# Our Girl Tina (AFFitness)



## lilnixon

Tina has arrived in Kyrgyzstan on her 4th deployment, she will be there for at least 4 months. I know that she would love to recieve cards or letters from her FF Family. She really enjoyed recieving all the cards, letters, and packages from all who contacted her during her last deployments. They sure made a tough time easier.  If you are interested in getting her address please PM me. 


 Thanks


----------



## bczoom

My very best goes out to Tina and a continued thank you for her service.

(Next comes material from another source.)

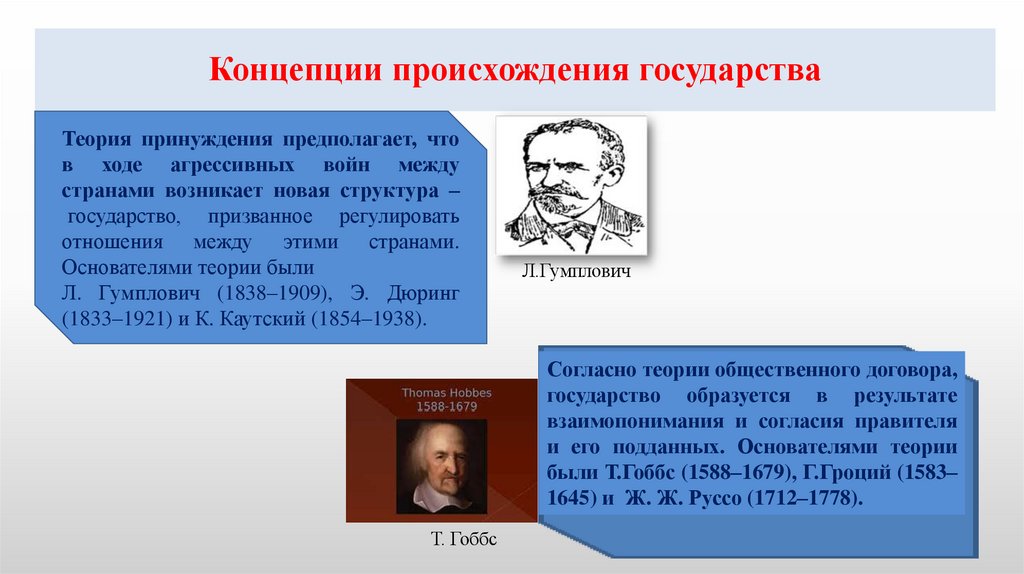 Концепции происхождения государства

Is there anything in particular she would like?  What kinds of things do they most need?


----------



## AFFitness13

Thank you for your support. . . It is really appreciated.


----------



## BigAl RIP

From a old fart, I just wanted to say how much I appreciate  and admire you . Words cannot ever express the graditude we own you .
 Thank you Soldier ,
 The Allen Hutson Family


----------



## AFFitness13

Thank you Big Al for you kind words.  and like you said, words cannot express the thanks for the support that you all give me.


----------



## fogtender

Would like to throw my two cents in and say pretty much what Al said...  I think that is plagiarism, but hopefully Al will forgive me (I think he is a much older fart than me anyway).

My heart goes out to all of you that are away from home, especially during the Holiday Season.  May your time go swiftly and you be back home before you have the time to realize you were gone!

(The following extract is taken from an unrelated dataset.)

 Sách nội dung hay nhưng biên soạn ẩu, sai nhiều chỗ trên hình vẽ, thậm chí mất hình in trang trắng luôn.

Thanks for your service!  

Hope you get to post on here often and can put some photos up!  Would love to see what you do there!


----------



## AFFitness13

I would like to thank BensPawPaw and Doc for the wonderful care packages that I received today.  Thank you so much for the wonderful gifts, the Glade spray is wonderful and smells WONDERFUL, thank you.  and I LOVE the pink Christmas tree.  As soon as I got it out of the box, I plugged it in.  Thank you all for the thoughts, and gifts that you have sent, or planning on sending.  I really appreciate it.  It means alot especially since it is over the holiday season.
Thank you!!


----------



## Galvatron

Hi Tina i have not forgotten you....we have a package part filled just got side tracked with some things(wont bore you with the details)thanks for posting a reminder.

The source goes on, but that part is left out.